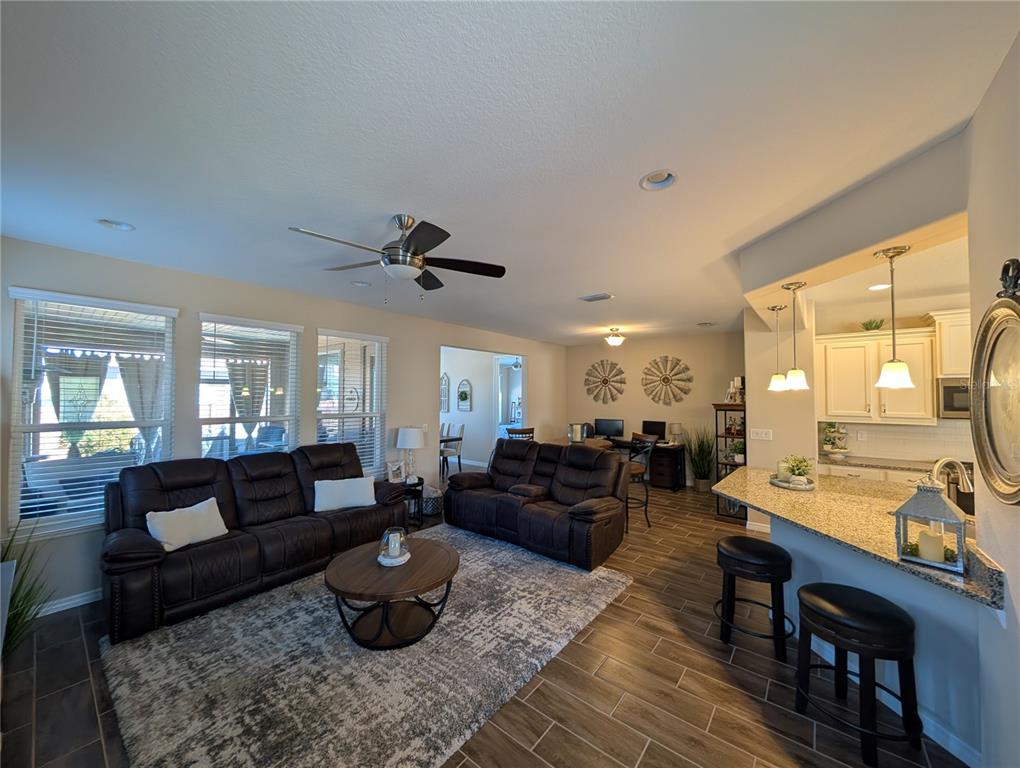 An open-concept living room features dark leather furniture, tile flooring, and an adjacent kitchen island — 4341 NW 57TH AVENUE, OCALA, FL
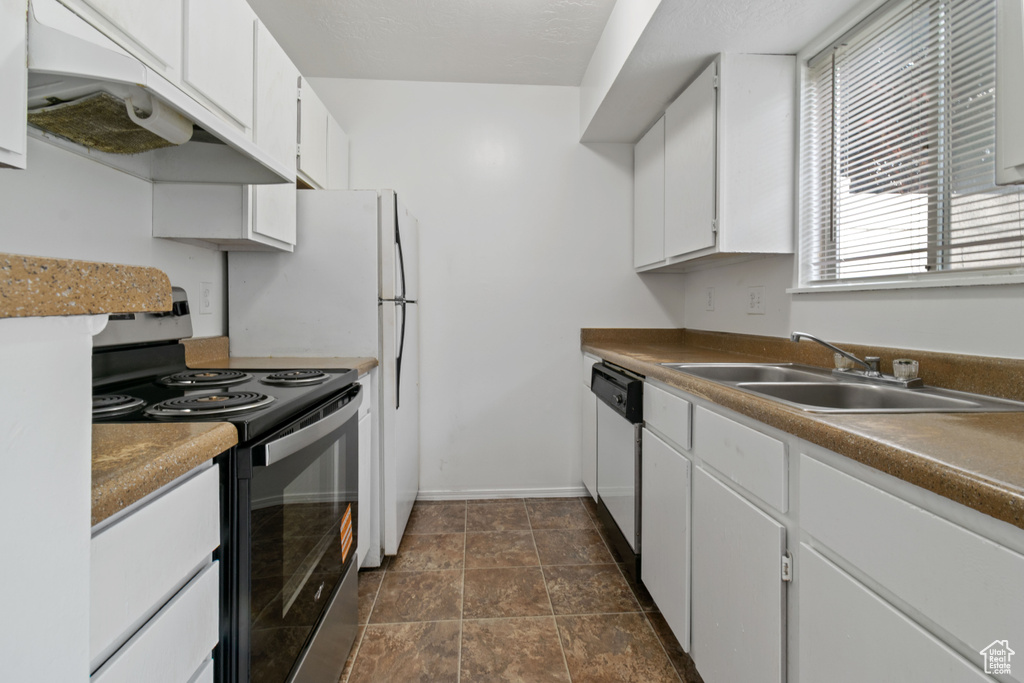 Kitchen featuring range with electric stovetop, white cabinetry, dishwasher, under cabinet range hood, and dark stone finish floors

* * *

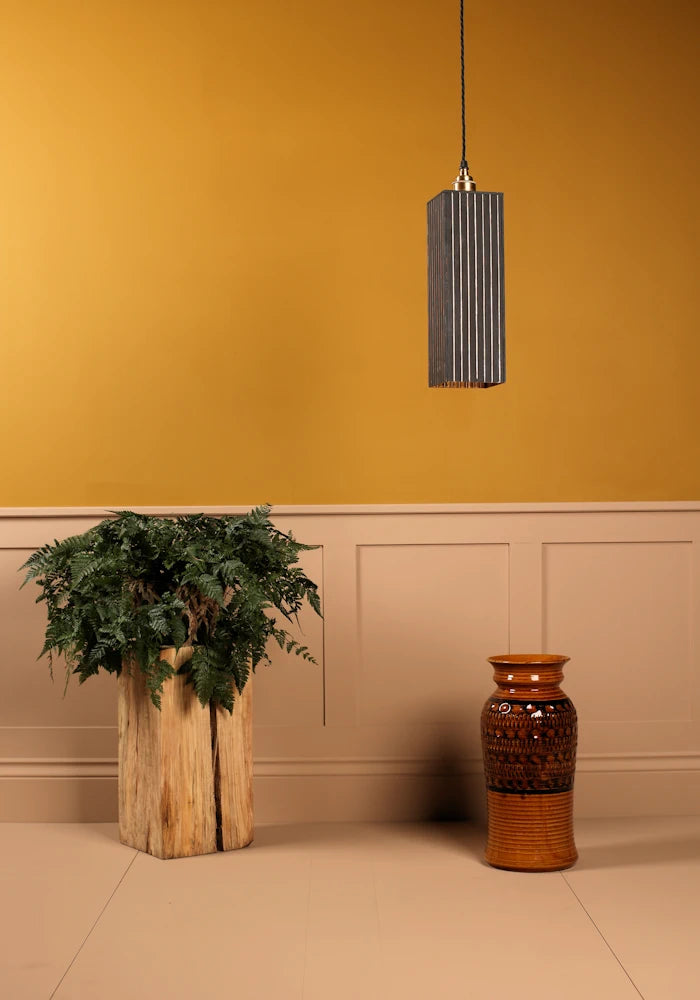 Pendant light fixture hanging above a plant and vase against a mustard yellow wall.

WHAT YOU SHOULD DO – Start at the line containing "An open-concept living" above and stop at the line containing "Kitchen featuring range". Output those lines exactly, both included, but none of the pictures.

YOUR SOLUTION –
 An open-concept living room features dark leather furniture, tile flooring, and an adjacent kitchen island — 4341 NW 57TH AVENUE, OCALA, FL
 Kitchen featuring range with electric stovetop, white cabinetry, dishwasher, under cabinet range hood, and dark stone finish floors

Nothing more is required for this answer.